Thursday, April 24, 2008

I Bid You Badiou - Chapter 5; A Paul Divided

Previously,
Badiou's Saint Paul Chapter 1
Badiou's Saint Paul Chapter 2
Badiou's Saint Paul - Chapters 3-4; Earthen Vessels \ Carrying Death

Badiou begins chapter 5 by stating that the subjectivity expressed by Paul is a divided subjectivity which is between flesh and spirit. Badiou emphasizes that this is a subjective division and not a platonic division between soul and body but of a division within thought. This division allows for a new object of discourse.

For the Greek the object of discourse is finite cosmic totality. This is a discourse of place, of knowing belonging. Christian discourse attests to the vanity of places. Badiou cites Paul's acknowledgment of being the 'refuse' of the world.
For the Jew the object is elective belonging.

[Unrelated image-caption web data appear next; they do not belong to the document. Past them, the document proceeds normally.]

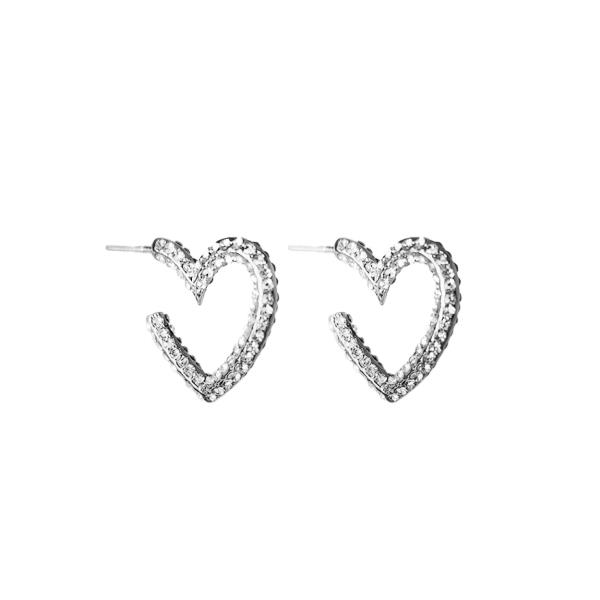 HEART OUTLINE POST HOOP EARRING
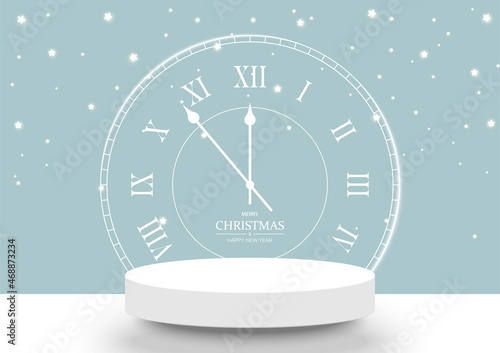 Christmas New Year scene. Stage podium decorated with times clock. 3d pedestal base for product display on light blue background. Vector illustration.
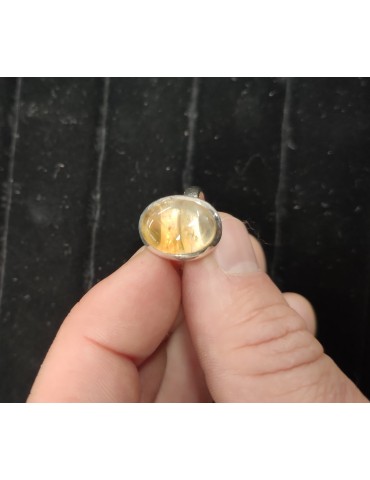 Bague Citrine réglable en...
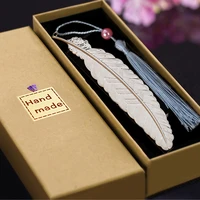 beautiful boxed metal book marks pendant set tassel feather bookmarks for school classmate teacher holiday thank you gifts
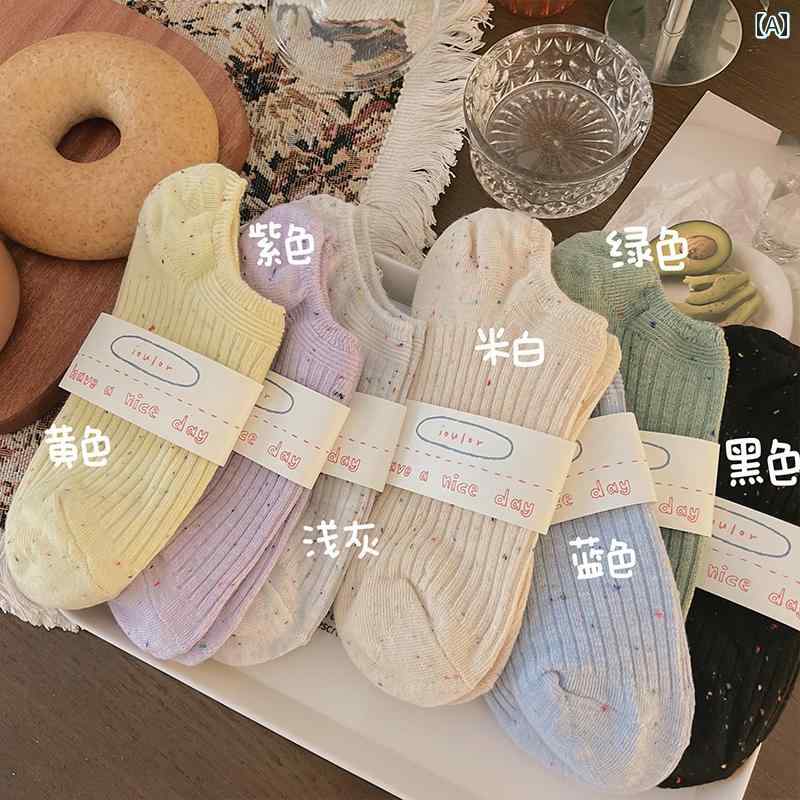 レディース ローカット ソック シンプルス 綿 夏 薄手 靴下 メッシュ 滑りにくい ...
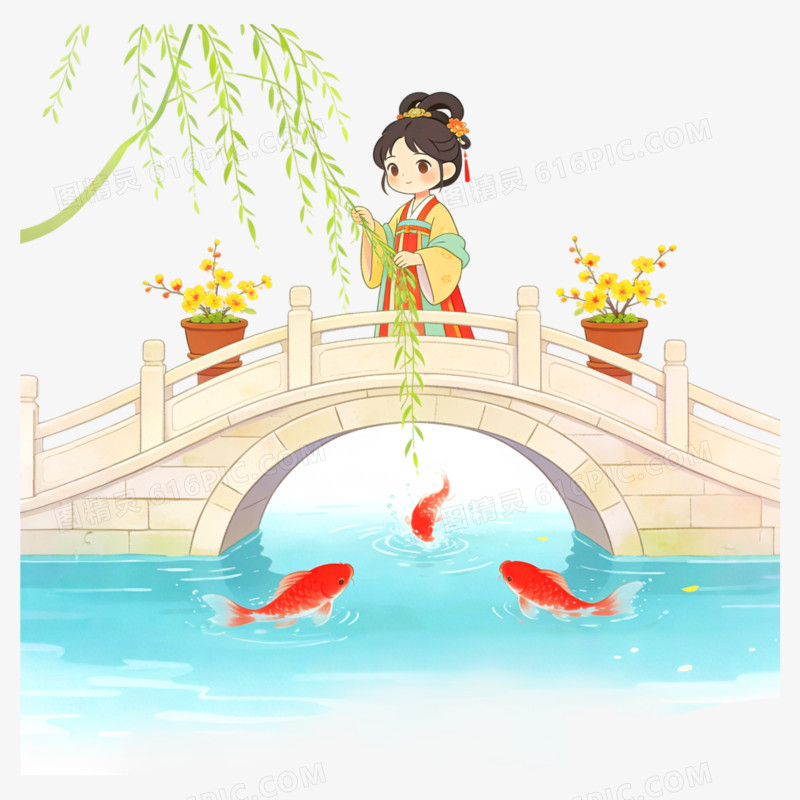 卡通手绘小清新春天柳树小巧风景免抠元素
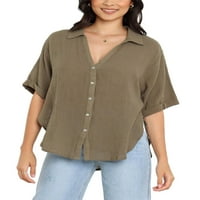 Sanviglor Womens majica s kratkim rukavima bluza s majicama dolje na vrhu nepravilne rublje tunika košulje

The mark of this belonging is manifest in the observance of the law. In Christian discourse the Christ-event comes as pure excess, "grace without concept or appropriate rite."
This is leads to the abolition of the local, undivided subject who is defined by race, origin, locality, ritual, etc. In order to maintain this understanding Paul must advocate a true antiphilosophy unlike that of Wittgenstein, Nietzsche and Pascal who continued to concern with "knowledge." Paul's work does not attempt to heal wisdom and it does not attempt to critique it. It is for Paul obsolete in so far as wisdom falls under the "formula of mastery." Paul rejects both the modes of sign (Jew) and wisdom (Greek) as both enforces modes of mastery. Paul is not interested in overcoming these discourses he simply does not enter into them.

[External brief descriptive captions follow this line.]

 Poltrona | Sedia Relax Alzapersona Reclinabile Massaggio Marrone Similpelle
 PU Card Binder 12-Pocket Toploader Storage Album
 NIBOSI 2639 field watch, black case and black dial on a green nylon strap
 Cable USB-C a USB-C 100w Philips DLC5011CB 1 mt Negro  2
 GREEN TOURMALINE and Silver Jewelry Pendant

Badiou addresses Paul's understanding of Jesus as 'son' as further indication of how the subject is founded apart from the discourses of mastery. We are able to identify ourselves as offspring but we are never able to identify with the singular Father. This a universal egalitarian perspective (We are all God's coworkers 1 Cor 3:9).

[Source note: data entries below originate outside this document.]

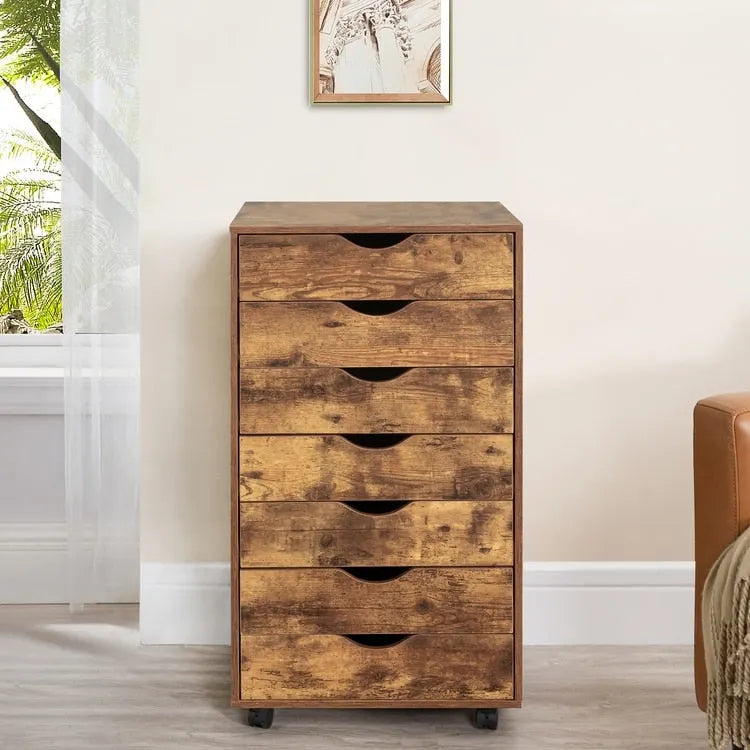 Meuble de rangement de bureau roulant à 7 tiroirs, unité de classement mobile avec roulettes pivotantes, rangement pour loisirs créatifs pour la maison et le bureau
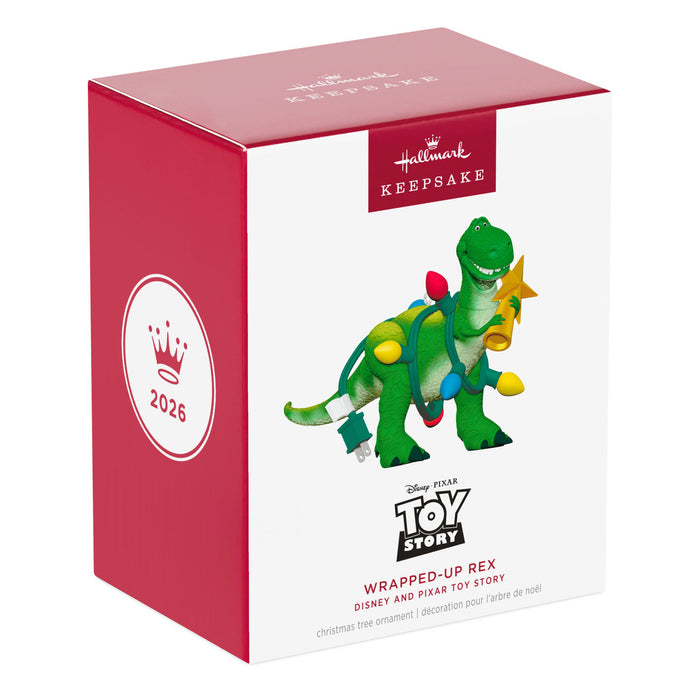 Hallmark Keepsake ornament packaging featuring a dinosaur figure on a white background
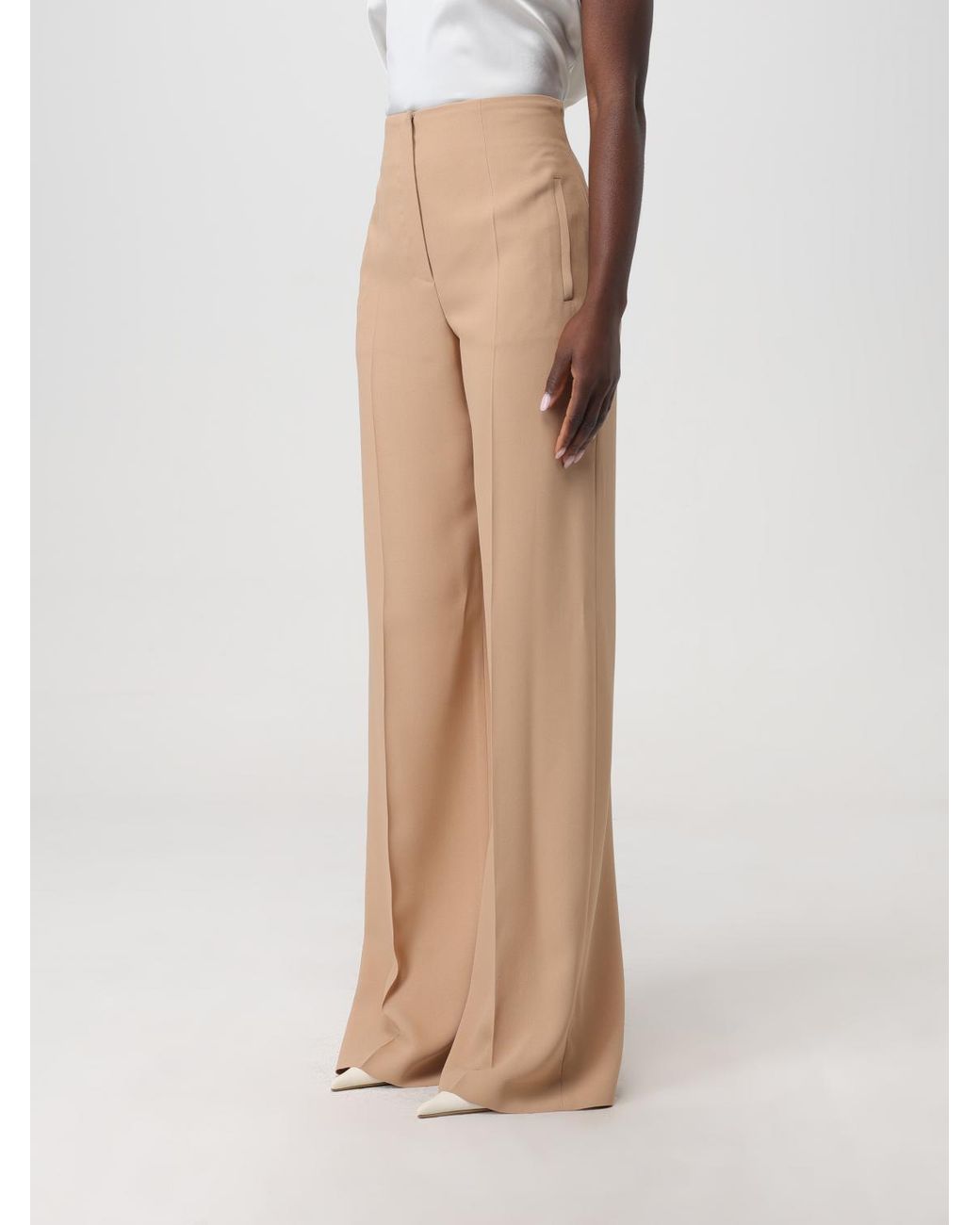 Alberta Ferretti Natural Trousers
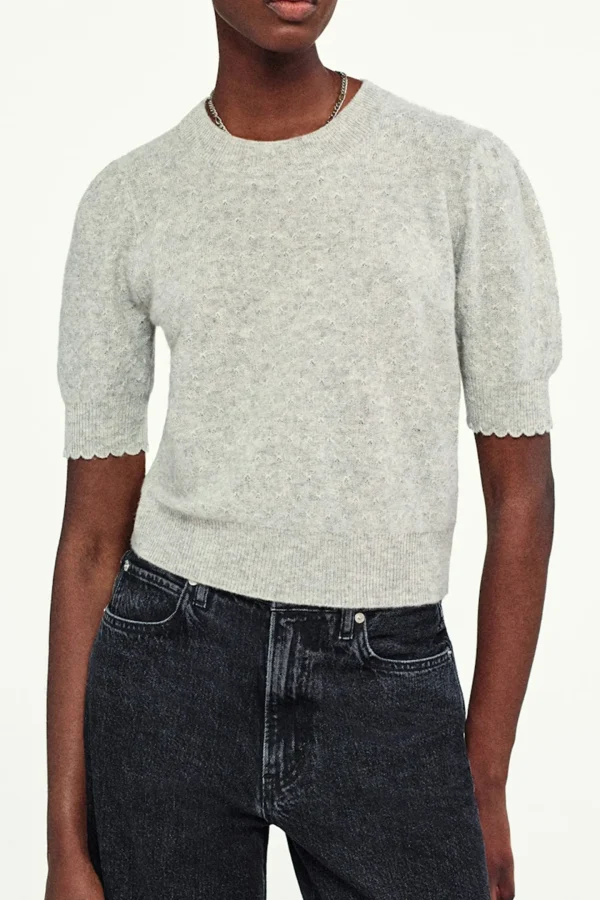 Frame Pullover<Pullover Pointelle in Light Heather Grey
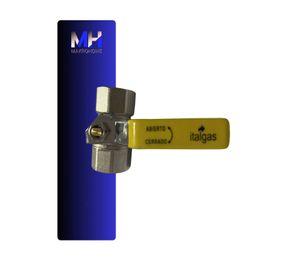 Llave De Paso Bola Bronce 1 Amarilla Itlgas Gas Y Agua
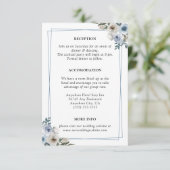 シンプルエレガントダスティブルーフローラ結婚ズ エンクロージャーカード (スタンド正面)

In order to maintain this perspective Paul strips Jesus of any significance historically. In this way Jesus is "neither a master nor an example. He is the name for what happens to us universally." Here Badiou offers an interesting comparison between Nietzsche and Paul. Nietzsche is of course highly critical of Paul but Badiou argues that this intense response to Paul is because "he is his rival far more than his opponent." Both figures desire for substantial shift in the individual's subjectivity. Badiou argues that Nietzsche relies on three themes of which Paul is the founder. 1) the self-legitimating subjective declaration; 2) the breaking of history in two; 3) the new man as the end of guilty slavery and affirmation of life. The problem with Nietzsche is that he attempted to maintain that Paul's motif was death when it was just the opposite. In Paul "life takes revenge on death." What Nietzsche was genuinely and correctly opposed to was Paul's universal. Paul offered an absolute and unrelenting all which abolished the status and privilege attained by the strong.
Paul advocates a subjectivity founded on grace. This subjectivity is a becoming and not a state. It must always function in relationship to the "not - but," for you are not under law, but under grace. The not always functions to shut down and dismantle the discourses of mastery and the but seeks to open paths of faithful work towards a universal communion.